La pièce-culte de Wedekind a été souvent montée, notamment par Peter Zadek en 88 avec Suzanne Lothar mais aussi plus près de nous par Hans-Peter Cloos et par Stéphane Brausnschweig mais l’œuvre de Robert Wilson tient cette fois davantage d’une comédie rock où le texte, souvent chanté sur de la musique de Lou Reed est accessoire pour laisser une place prépondérante à une suite d’images expressionnistes en noir et blanc, disons le tout de suite d’une beauté incomparable.
Sur la scène un grand écran blanc, avec au centre, seulement quatre petites lettres noires L U L U, cette tragédie moderne que Wedekind acheva en 1894, après plusieurs versions dont La Boîte de Pandore… Mais la pièce, tel que l’a revisitée Bob Wilson, ressemble ici plus à un argument et ne reprend sans doute qu’à peine la moitié du texte d’origine.

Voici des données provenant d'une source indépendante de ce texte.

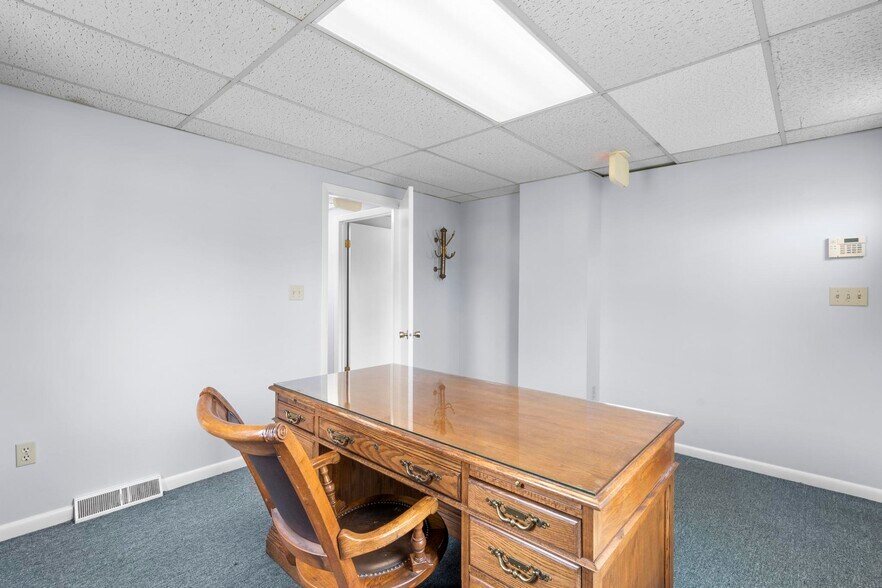 More Photos Of 128 Saltonstall Pky, East Haven Medical For Sale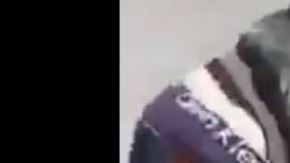 El hombre golpeó repetidamente a la mujer en la cabeza.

Le spectacle commence comme dans un éternel retour, par la même annonce que dans le le célébrissime Regard du Sourd: « Ladies and gentlemen… » Et, sur quelques notes aigrelettes de piano, s’avance alors un vieil homme chauve avec quelques cheveux qui pendent par-derrière, le visage blanc, les sourcils et les lèvres noires, courbé en deux et s’appuyant sur une canne,sans doute le père de Lulu, puis quelques hommes tous en habit noir, et un autre plus jeune, élégant et mince, avec un pantalon souple et chandail/cagoule, et Lulu, la femme-enfant fatale, un revolver à la main, jouée par la grande Angela Winkler.
C’est elle qui joue, sans l’incarner, le personnage sulfureux imaginé par Wedekind, sans avoir du tout l’âge du rôle, puisqu’ elle a 67 ans, sans que cela soit en rien gênant, par rapport aux options de mise en scène de Wilson, qui, en fait, commence le spectacle par la fin: la mort de Lulu, prostituée déchue et qui finit tuée par un client dans un taudis de Londres.Sur le plan plastique, c’est d’une grande beauté. On l’aura compris, Wilson est à l’opposé de tout naturalisme et a, comme finalement depuis ses débuts à New York et pour tous ses spectacles, la volonté de faire un théâtre formel, en gardant, dit-il, les événements à distance, en privilégiant une vision plastique, influencée par le constructivisme.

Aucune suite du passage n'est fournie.